Quote from slinkyheadCNA
As a black American, I have learned white culture through growing up in this country. The American public school system does more than enough to indoctrinate white culture. That would be a waste of time to cover it during the one chapter cultural competence is covered. Also most books give you the western perspective in contrast with the eastern perspective.
I'm of an origin, which is considered western perspectives. The best way to show the dilemma is an example.
Ok so I'm learning maternity right now. The text goes into how this groups being dominant group while minorities usually follow the dominant group. Then they go on to state various factors which could be stereotypes, depending on how you look at it. So African Americans - use lots of oil on newborns scalp and skin, Asian American - pregnancy is a natural happy time, Arab Americans - breast feeding delayed 2 to 3 days after birth, Hispanic - loud during labor (ha who isn't?).

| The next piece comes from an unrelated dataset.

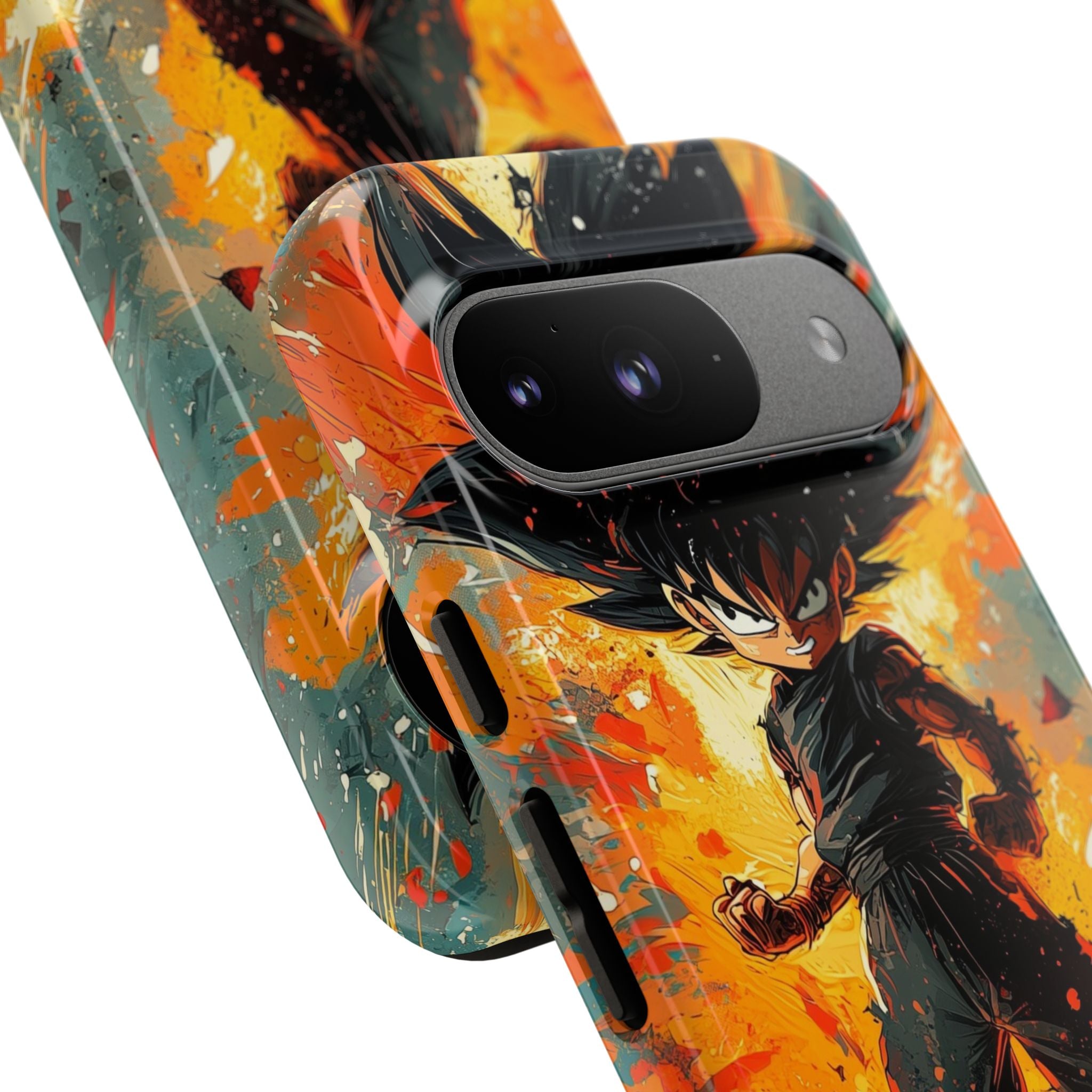 Power Unleashed Now - Google Pixel Case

There is no info on White American. Which I could only guess could do any of the above actions? It's just remains a mystery.
Now for myself, being black yet not being American, however the American society deems me "African American" even though I am not, could be confusing to some. So I've "assimilated" into the African American culture and great American culture as a whole but I guess this more relates to immigrants since we did not grow up here. Its particularly difficult when we move here as an adult. The assimilation process is hampered by our own engrained traditions, cultures and values. The only course I really learned anything about white Americans or the dominant US culture was in my sociology classes.
I read somewhere that one professor (white nurse MSN) refused to teach from a cultural perspective textbook because she believed the book was derogatory to minorities and mainly presented stereotypes rather than the actual culture of those groups. I believe she resigned. I guess cultural competence in itself is a difficult topic and its best to just be open minded.